Franco, su régimen y los símbolos de este se ha convertido en la medida del Mal. La reductio ad Hitlerum que corta todo debate en las universidades, las tertulias o las redes sociales con el efecto de la guillotina revolucionaria, en España es una reductio ad Francum. Todo lo malo se atribuye a Franco y todo lo relacionado con Franco es malo. Se trata de un mecanismo mental utilísimo para quienes saben manejarlo, pues les evita en la cátedra, los tribunales y los medios de comunicación embarazos del estilo de preguntar por la familia a alguien a quien cuya madre acaba de fallecer.

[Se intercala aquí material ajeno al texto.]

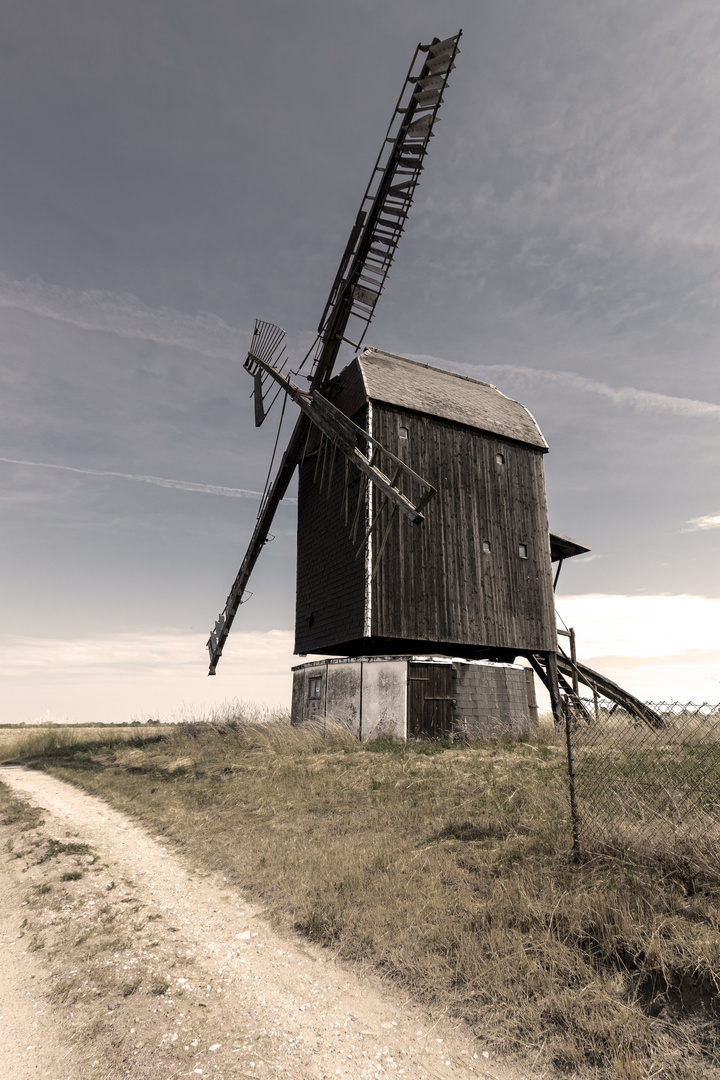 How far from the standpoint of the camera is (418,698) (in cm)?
1792

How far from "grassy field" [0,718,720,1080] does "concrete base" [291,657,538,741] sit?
17.7 ft

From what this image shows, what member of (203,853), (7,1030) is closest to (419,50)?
(203,853)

Unos concejales morados del Ayuntamiento de Sevilla quieren podar el escudo de la ciudad de símbolos monoculturales, religiosos, antidemocráticos y, por supuesto, franquistas. En la página web de El País, donde se supone que hay requisitos de entrada más estrictos que a los círculos de Podemos, alguien tituló el 24 de enero de 2017 una noticia sobre la sequía «Pueblos inundados por el franquismo afloran por la insólita sequía en Galicia». Una víctima de la LOGSE que leyera el titular podría añadir otro crimen contra la humanidad a los ya perpetrados por el franquismo: inundar pueblos gallegos. Resulta que la construcción de pantanos en los años 50, 60 y 70 del siglo XX no se hacía para llevar agua a las ciudades para dar beber a sus habitantes o a los campos para regarlos o a las industrias, sino para borrar del mapa pequeñas aldeas, aunque no se sabe con qué fin, porque en esos lugares remotos no podían darse «pelotazos» urbanísticos ni plantar eucaliptos.
Hasta la popular palabra «chiringuito» está manchada porque su difusor, César González-Ruano, escribió a favor de Franco y hasta le han acusado de haber colaborado en Francia con los alemanes. Hay que eliminar de los diccionarios chairman por machista y chiringuito por nazi. Y además, el académico Antonio Muñoz Molina dicta sentencia en El País: «Si hay un ejemplo que no nos hace ninguna falta seguir a estas alturas es el de César González-Ruano». El franquismo incluyó a Federico García Lorca y a Miguel Hernández en sus libros de texto —de los que excluyó a Rafael Sánchez Mazas, Agustín de Foxá y Manuel Machado—. Muñoz Molina, curita de la iglesia progresista, condena a quien lea a González-Ruano en su casa. ¡Menos mal que los periódicos de papel, incluso El País, ya no dan miedo, sino risa! Un personaje de la película de Clint Eastwood El fuera de la ley nos advierte de que «hacer el bien no tiene final» («Doin‘ right ain‘t got no end»), porque detrás de un supuesto crimen franquista aparecerá otro, y otro, y otro. Ahora son los «muertos de las cunetas» —los de un solo bando, por supuesto, que los otros parece que fueron bien muertos— y los «niños robados»; dentro de poco, se les pasará la cuenta a los descendientes de los que financiaron el alzamiento o hicieron negocios en el franquismo.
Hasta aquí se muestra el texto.